Since Chinese characters are not phonetic, it is impossible to translate a Western name into Chinese. Thus, Westerners who plan to interact with the Chinese world, need new names that can be written with Chinese characters. Many people choose names which sound like their Western names. Often, a Chinese friend can help them choose a name that is suitable and does not sound like something bad (imagine having a name you think means something cool, but sounds almost exactly the same as “rape”). Since I have no close Chinese friends, this name is very much the result of my own thinking, although I am indebted to certain people for useful help (you know who you are).

I decided to choose a family name which resembles my own, i.e. “Linge”. Since the character “凌” in Mandarin Chinese is pronounced “ling” and also happens to be a surname, it seemed a reasonable choice. The characters means “to soar”, which also connects nicely with the two characters of my personal name. They are “云” (traditional “雲”) and “龙” (traditional “龍”), which are pronounce “yun” and “long” (both with rising tones), and means “cloud” and “dragon” respectively.

Let me explain why I like this name.
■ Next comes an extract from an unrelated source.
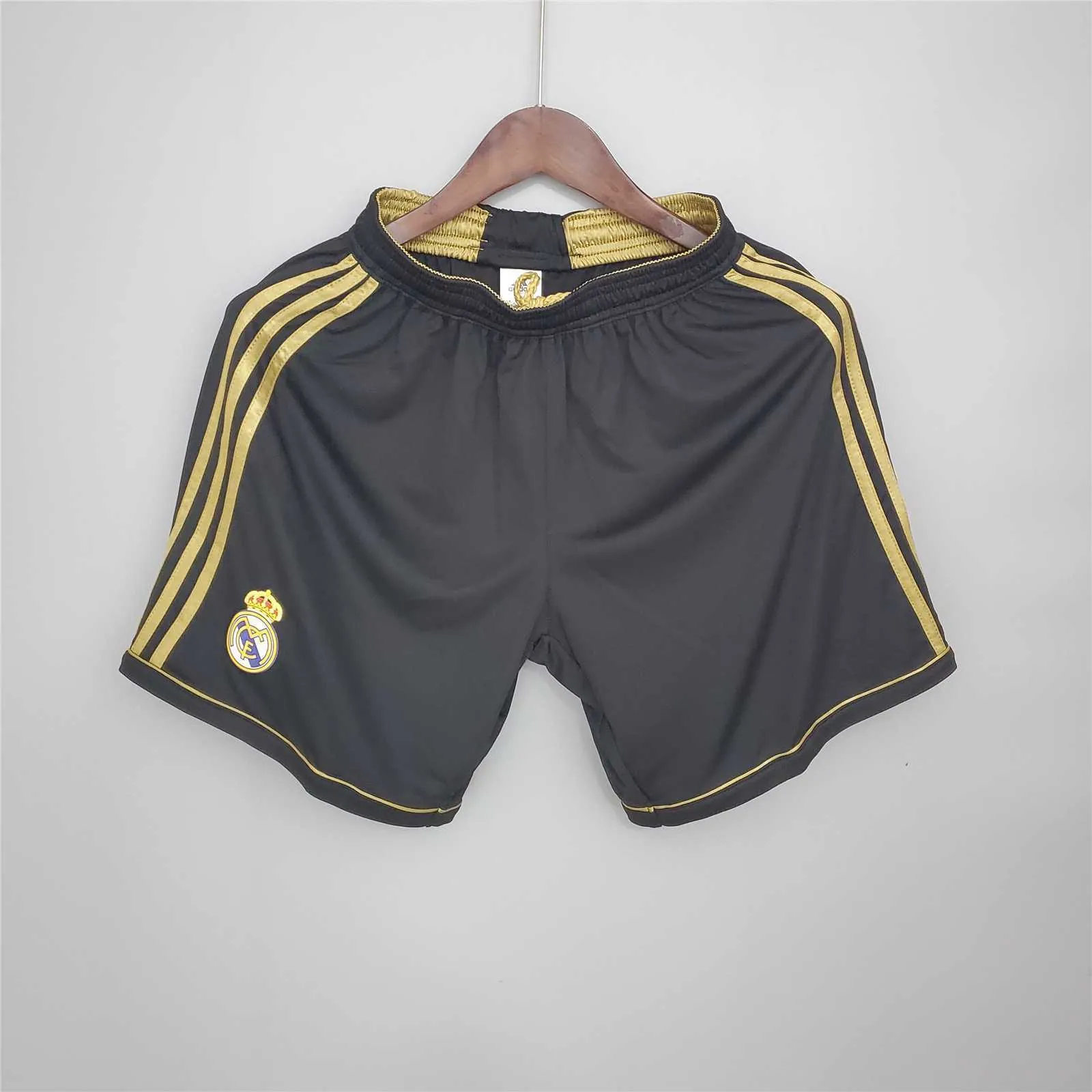 11-12 Real Madrid away black - 4 6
The dragon bit actually comes from a technique in the taijiquan sabre form, called Cloud Dragon Playing in Water. It has long been my favourite name of any technique, and I like the picture of a dragon playing in water, something I also happen to like quite a lot. Also, the family name combines nicely with the personal name, creating “soaring cloud dragon”.

The first two characters of the full name, “凌” and “云”, also forms part of an idiom, which in its entirety runs “壮志凌云”, and can roughly be translated as “goals reaching as high as the clouds”. I spend a decent amount of my energy trying to achieve my goals, which tend to be rather ambitious, making the name even more suitable.

After having checked with three native speakers of Chinese, and having received positive feedback on this name from all of them, I have decided to adopt this name. So, from now on, I do not have to say “Sorry, I have no Chinese name yet”, but can use “凌云龙” instead.